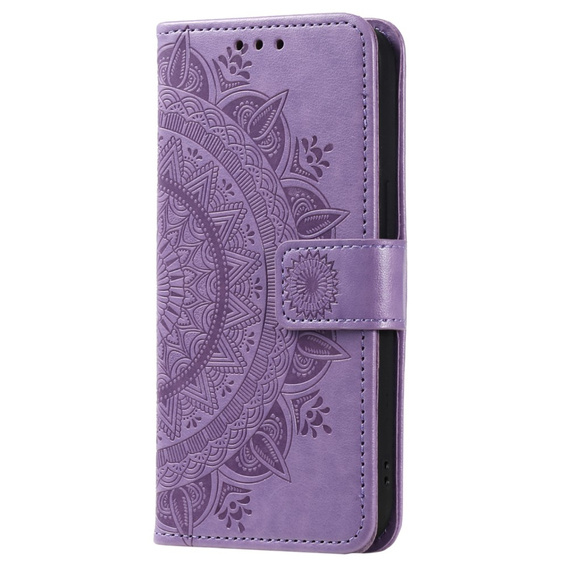 Etui z klapką do Samsung Galaxy A25 5G, Mandala Flower, fioletowe + szkło 9H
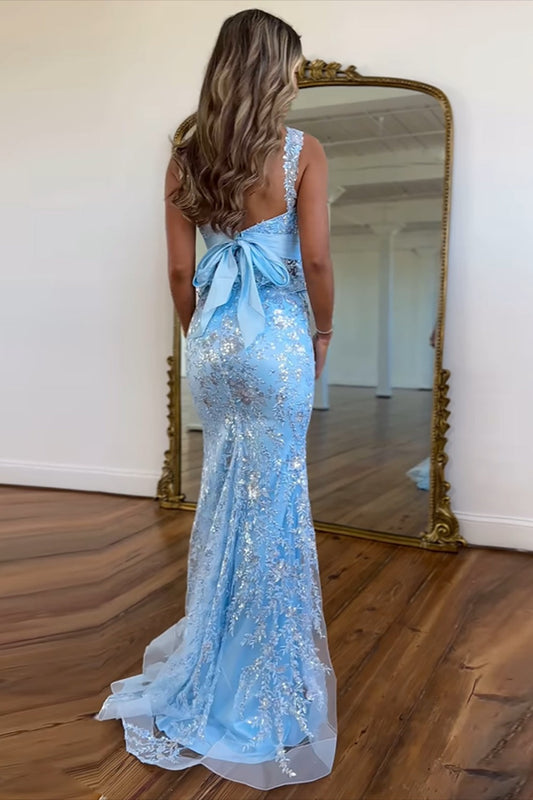 Robe de bal sirène bleue, robes de soirée longues à sequins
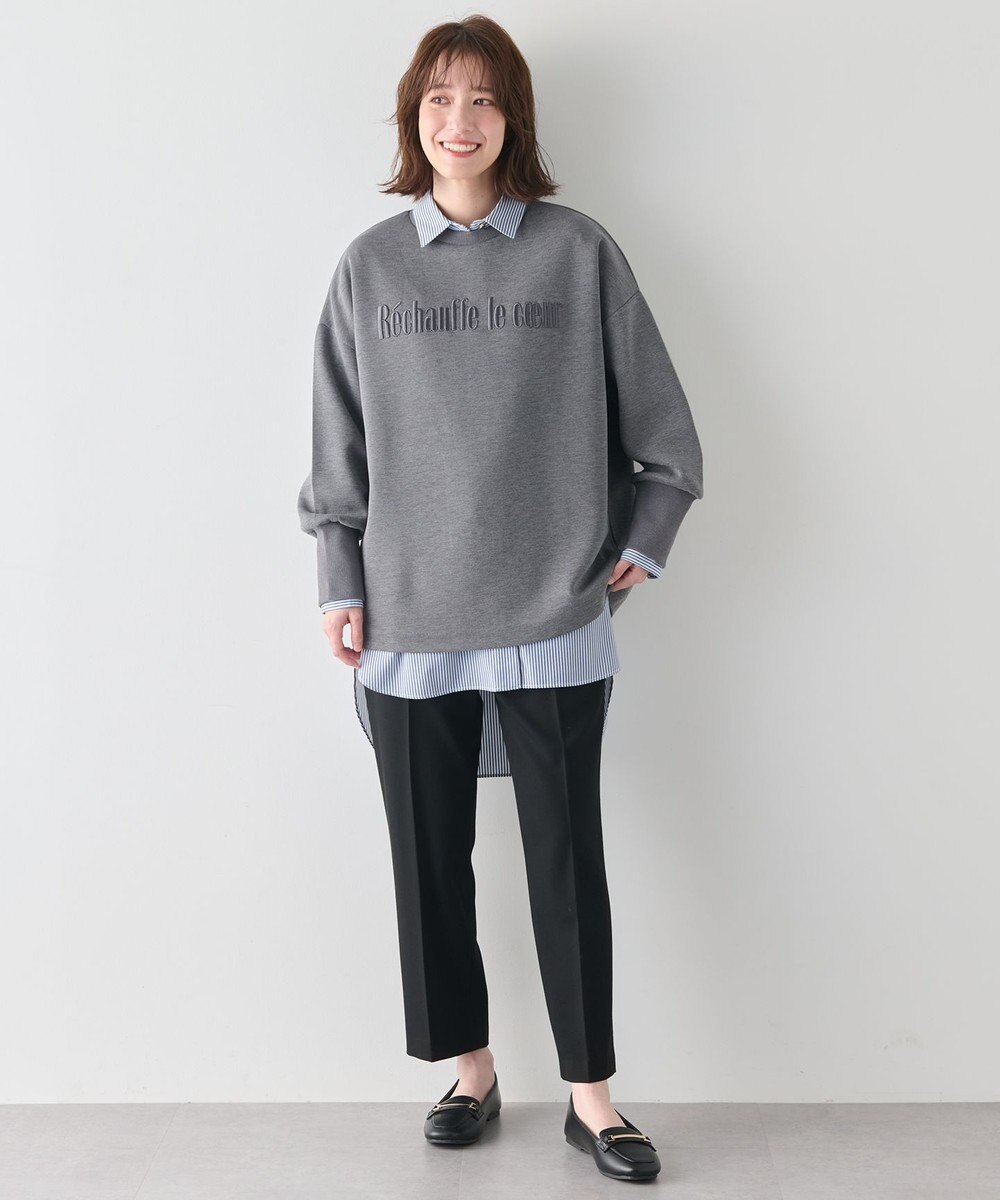 ANY L 【洗濯機可】エンブロイダリーロゴダンボールプルオーバー 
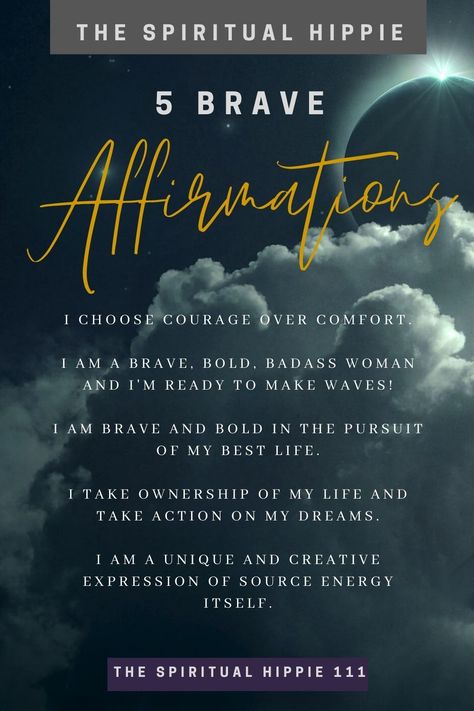 Try the 5 affirmations if you ever want to feel brave. Bravery Affirmations, Adventure Affirmations, Brave Affirmations, Warrior Affirmations, 5 Affirmations, Chakra Health, Healing Spirituality, Positive Mental Attitude, I Am Affirmations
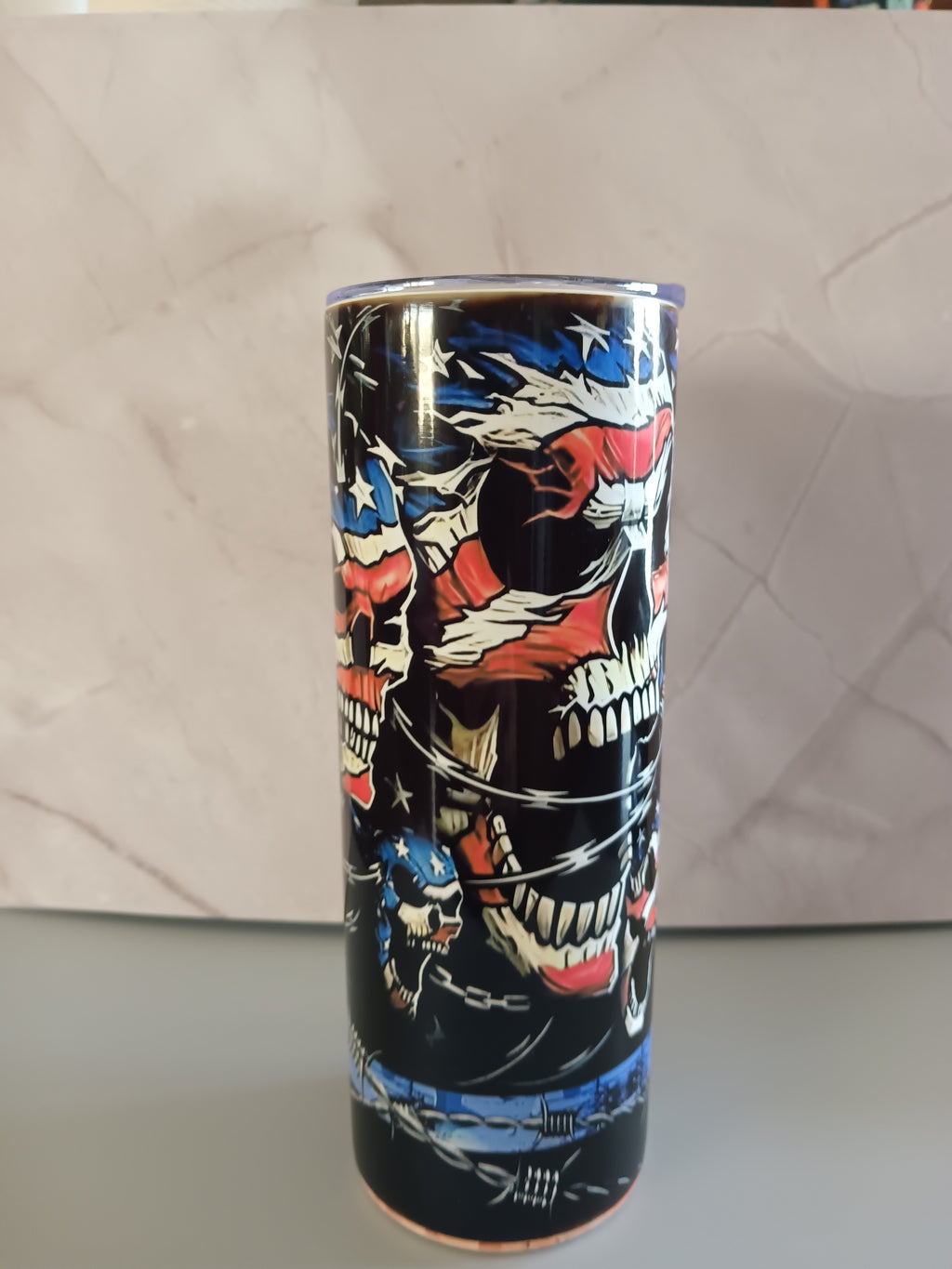 FAFO " Fuck Around and Find Out' tumbler - 20 oz- Patriotic skull, American flag stainless steel insulated cup with lid and straw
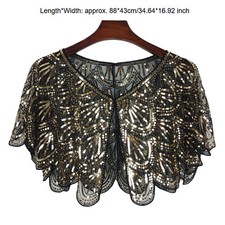 Womens Sparkly Sequin Shawl Bridal Bolero Cover Up Glitter Fringed Evening Cape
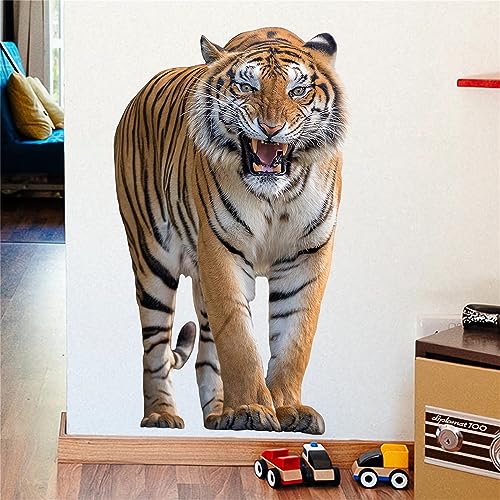 Ferocious Tiger Wall Stickers, sacinora Realistic Wild Animal Wall Decals Removable Vinyl Peel and Stick for Living Room Bedroom Children's Room Sofa TV Background Art Decorations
——
■ **Instructions to follow**:
Copy only what runs above from the line containing "ANY L 【洗濯機可】エンブロイダリーロゴダンボールプルオーバー" through the line containing "lid and straw", exactly. Leave out the pictures.

■ **Response area**:
 ANY L 【洗濯機可】エンブロイダリーロゴダンボールプルオーバー 
 Try the 5 affirmations if you ever want to feel brave. Bravery Affirmations, Adventure Affirmations, Brave Affirmations, Warrior Affirmations, 5 Affirmations, Chakra Health, Healing Spirituality, Positive Mental Attitude, I Am Affirmations
 FAFO " Fuck Around and Find Out' tumbler - 20 oz- Patriotic skull, American flag stainless steel insulated cup with lid and straw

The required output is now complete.